# Concept graph

### Creating concept graph from DBpedia

#### Rappel des principales relations entre concepts:

- Hypernyme: A est un hypernyme de B **si** B est un A (animal est hypernyme de chien)
- Hyponyme: A est un hypernyme de B **si** A est un B (insuline est hypernyme de hormone)
- Méronyme: A est méronyme de B **si** A est une partie de B (bras est méronyme de corps)

In [2]:
import matplotlib.pyplot as plt
import numpy as np
import os
import codecs

concepts_path= "/home/ismael/Documents/semantic_deep_neuralIR/data/annotated_collection_tagme_score/relation"

### Là j'extrais les concepts du bail 

- https://wiki.dbpedia.org/Downloads2014
- https://wiki.dbpedia.org/downloads-2016-10
- https://wiki.dbpedia.org/data-set-39

In [92]:
from bs4 import BeautifulSoup

ontology_concepts = set({"Thing"})
ontology_relations = []

with open("data/dbpedia_3.4.owl", "r") as file:
    filecontent = file.read()
    harira = BeautifulSoup(filecontent, "html.parser")
    docs = harira.find_all("owl:class")

for ontology_class in docs:
    if ontology_class.find("rdfs:label"):
        nom = ontology_class.contents[1].string.replace(" ", "")
        parent = ontology_class.contents[3]["rdf:resource"].replace("http://dbpedia.org/ontology/", "")
        ontology_concepts.add(nom)
        if parent != "http://www.w3.org/2002/07/owl#Thing":
            ontology_relations.append((parent, nom))
        else:
            ontology_relations.append(("Thing", nom))

In [86]:
print("il y a {} concepts et {} relations.".format(len(ontology_concepts), len(ontology_relations)))

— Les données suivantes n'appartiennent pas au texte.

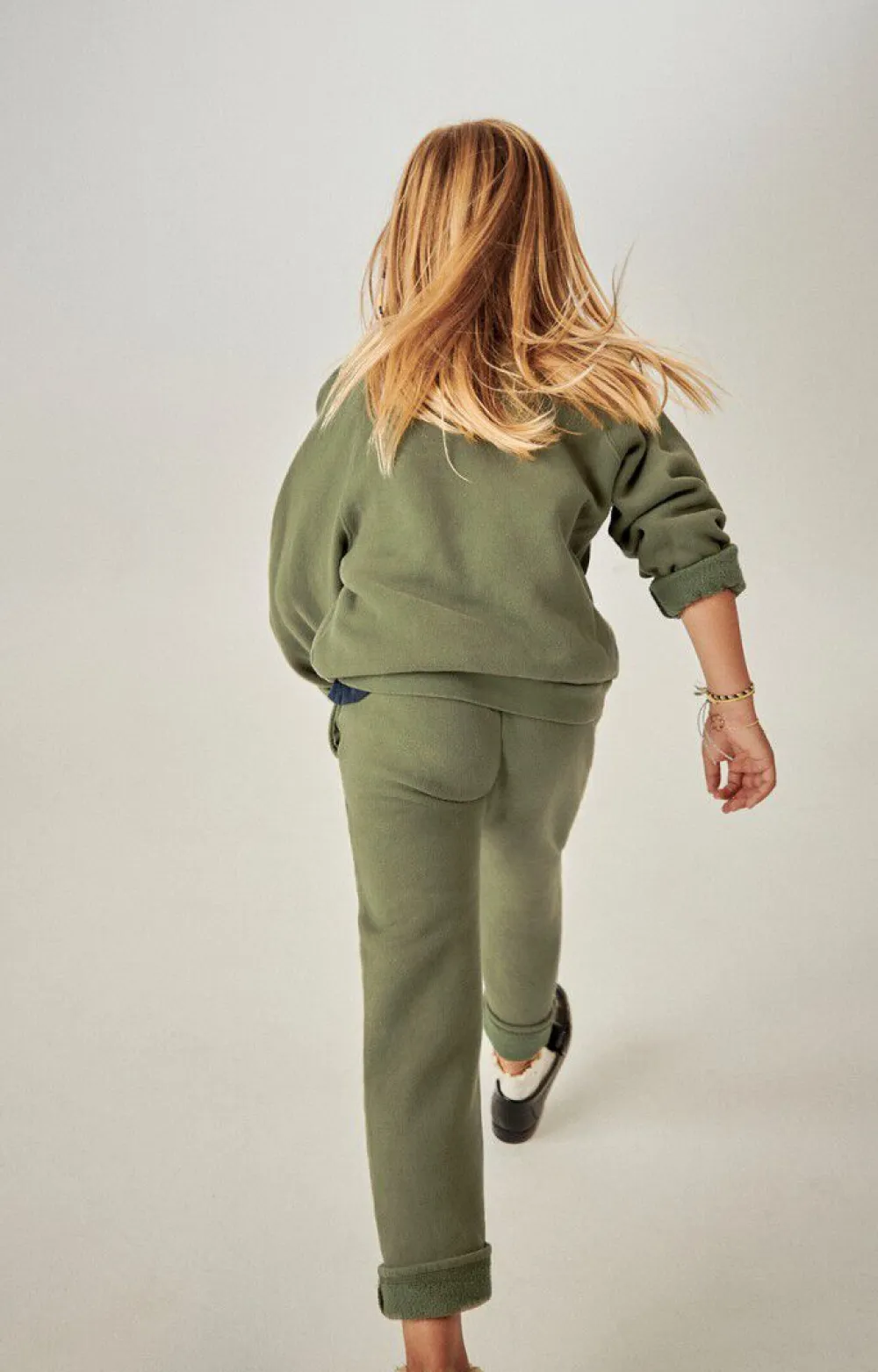 Sweat Enfant Izubird*American Vintage Store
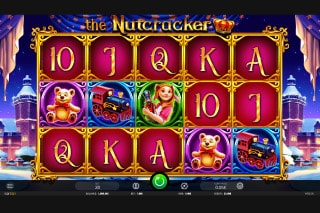 The Nutcracker Mobile Slot Game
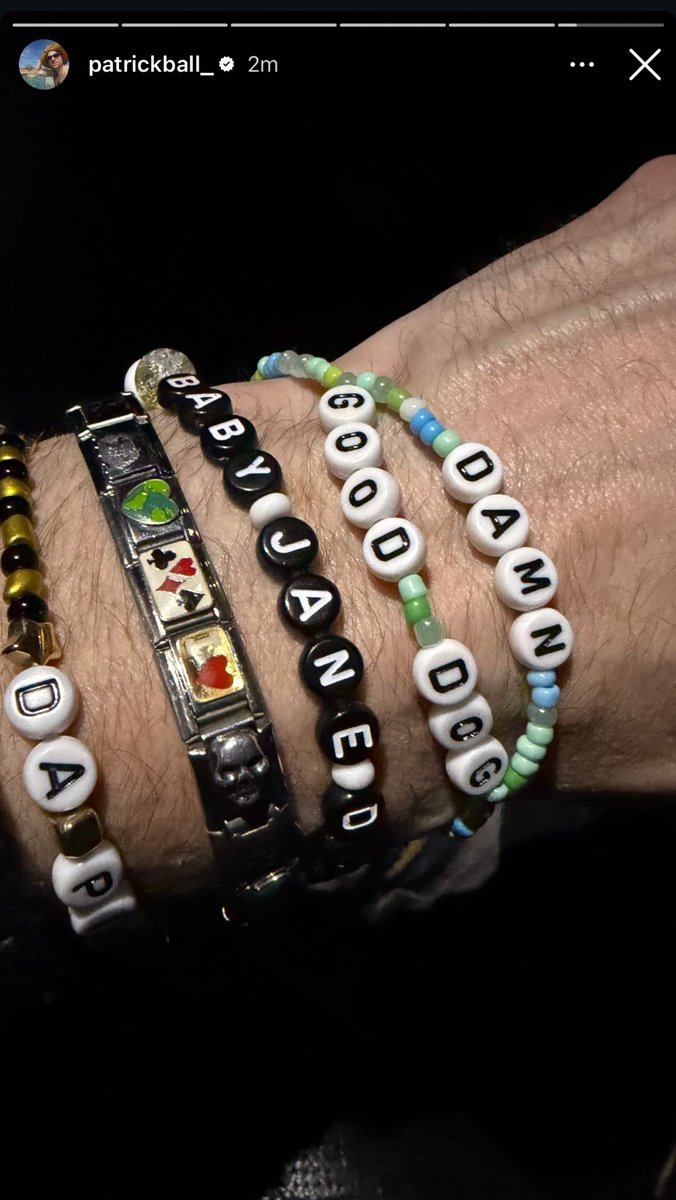 Patrick Ball Updates tweet media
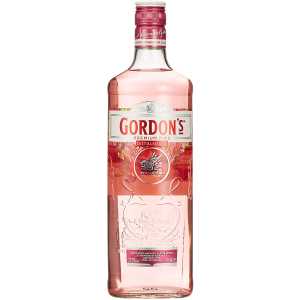 Gordon's Premium Pink Distilled Gin 0,7L 38%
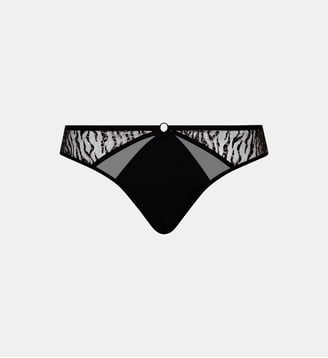 Slip avec bijou - Chantelle Pulp - Fierce leo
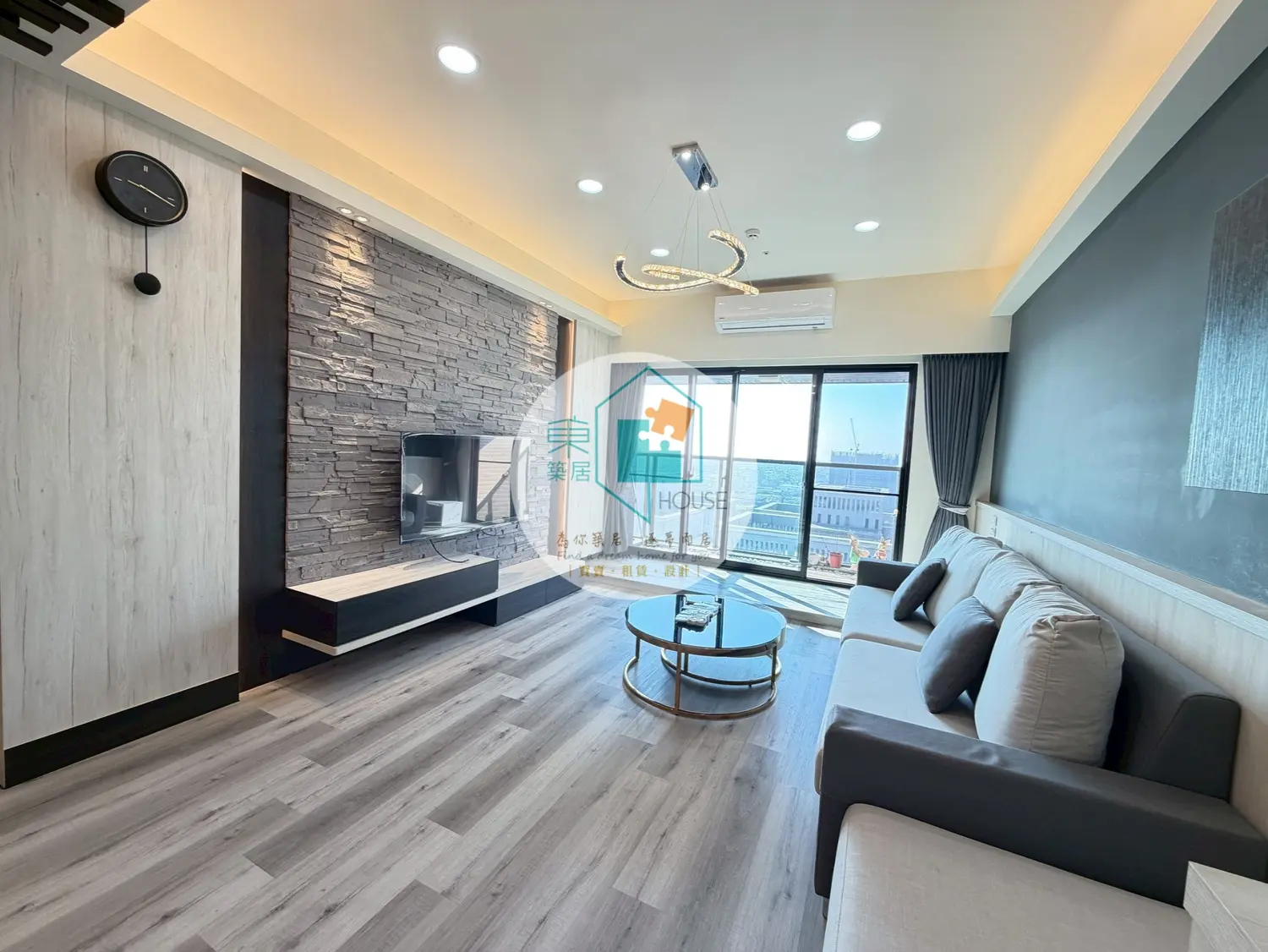 3 房 公寓 出租 TWD 40 800 - 29 坪 - 安平區, 台南市 slide 1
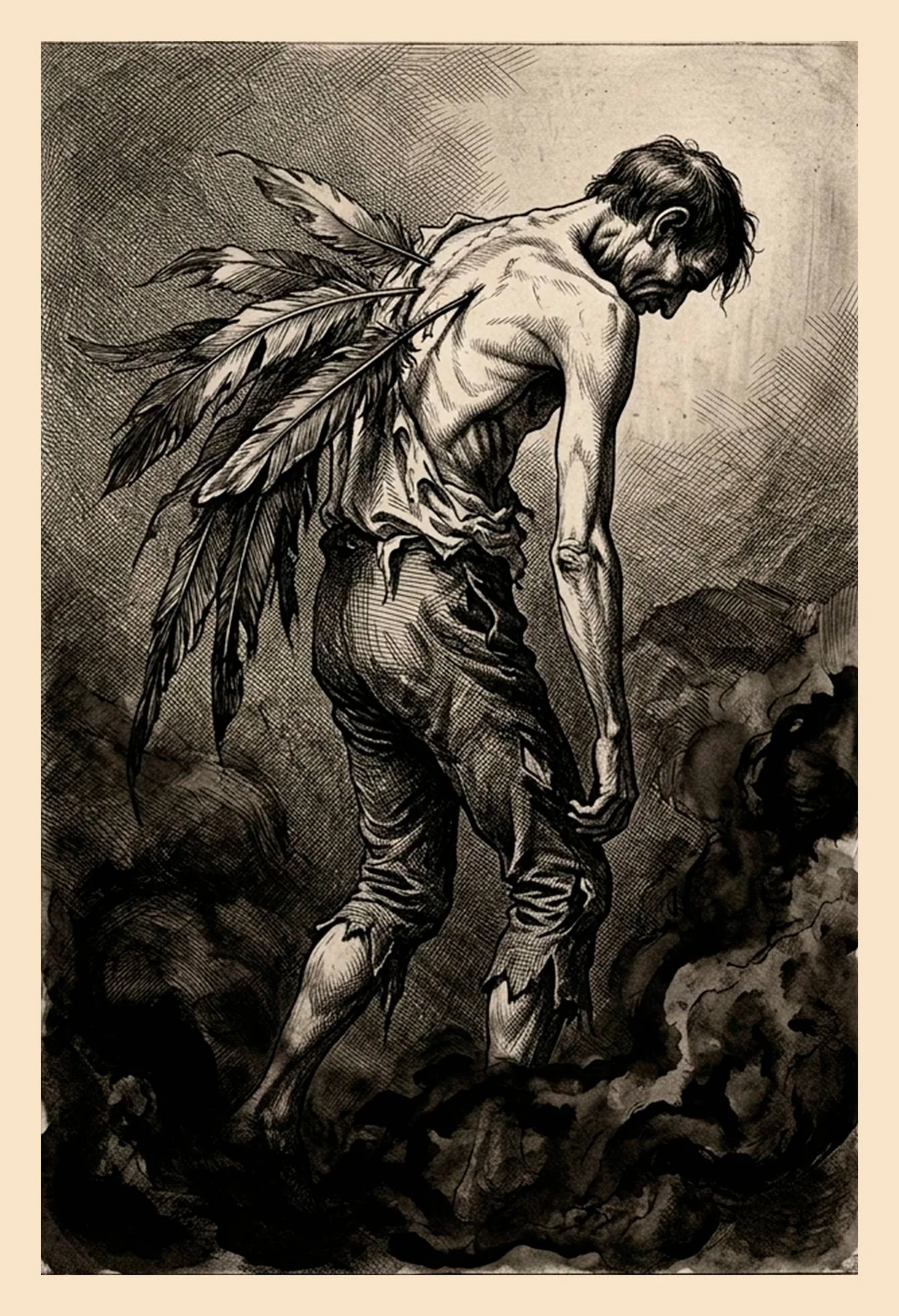 Fase 4 · La agonía de Las plumas del Fénix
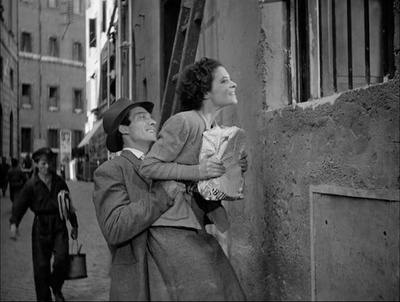 偷自行车的人剧照的剧照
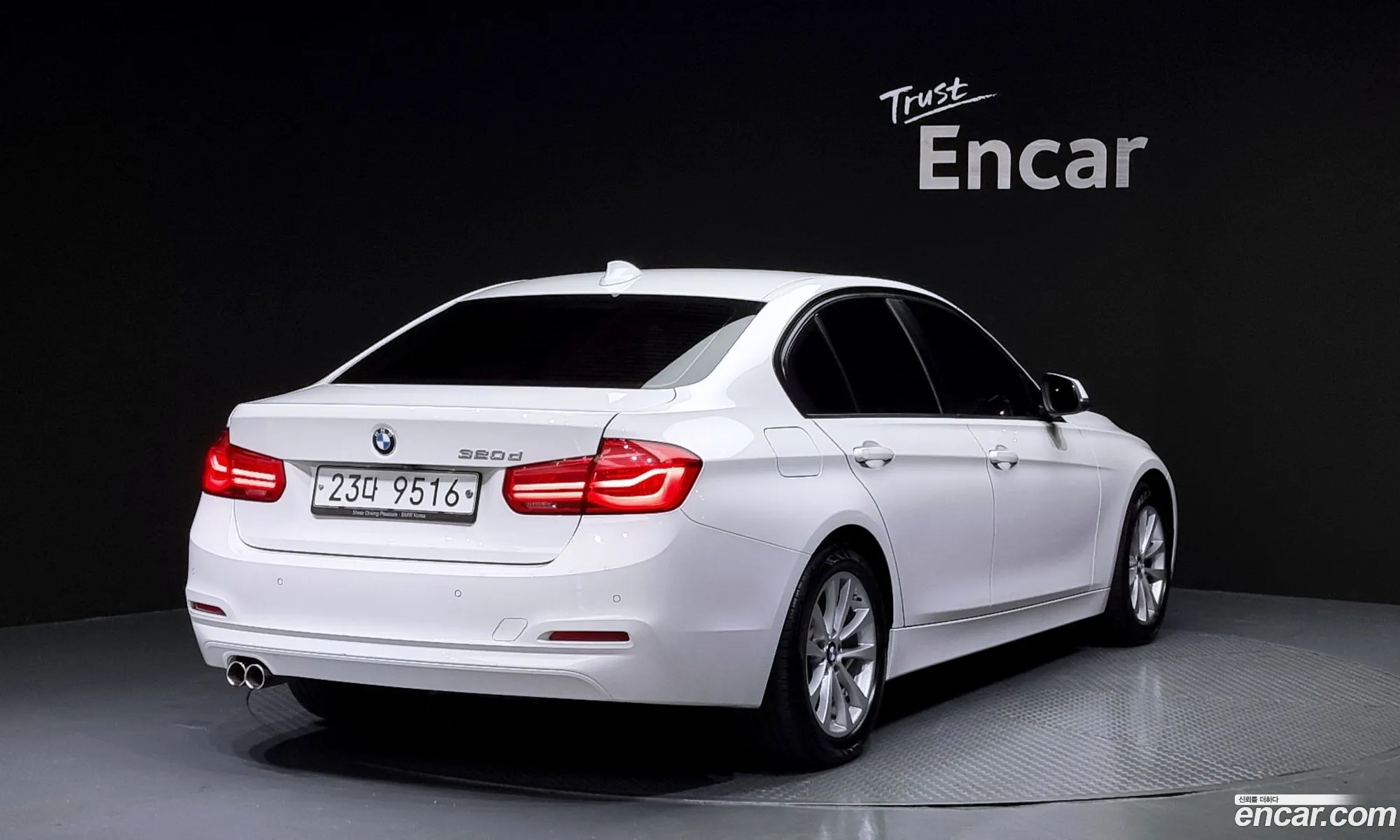 BMW 3Er 320D 2018 - фотография 16193822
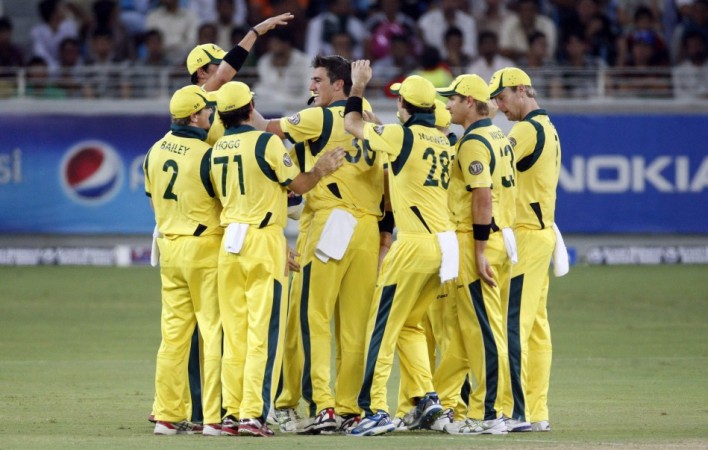 Australian Cricketers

il y a 205 concepts et 204 relations.


In [90]:
"Entomologist" in ontology_concepts

False

In [97]:
with open("data/dbpedia_2016-10.nt", "r") as file:
    for line in file:
        lol = line.split(" ")
        if lol[1] == "<http://www.w3.org/2000/01/rdf-schema#subClassOf>":
            nom = lol[0].replace('<http://dbpedia.org/ontology/', "")[:-1]
            if '<http://dbpedia.org/ontology/' in lol[2]:
                parent = lol[2].replace('<http://dbpedia.org/ontology/', "")[:-1]
            elif "<http://www.w3.org/2002/07/owl#Thing>" in lol[2]:
                parent = "Thing"
            ontology_concepts.add(parent)
            ontology_concepts.add(nom)
            ontology_relations.append((parent, nom))
print("il y a {} concepts et {} relations.".format(len(ontology_concepts), len(ontology_relations)))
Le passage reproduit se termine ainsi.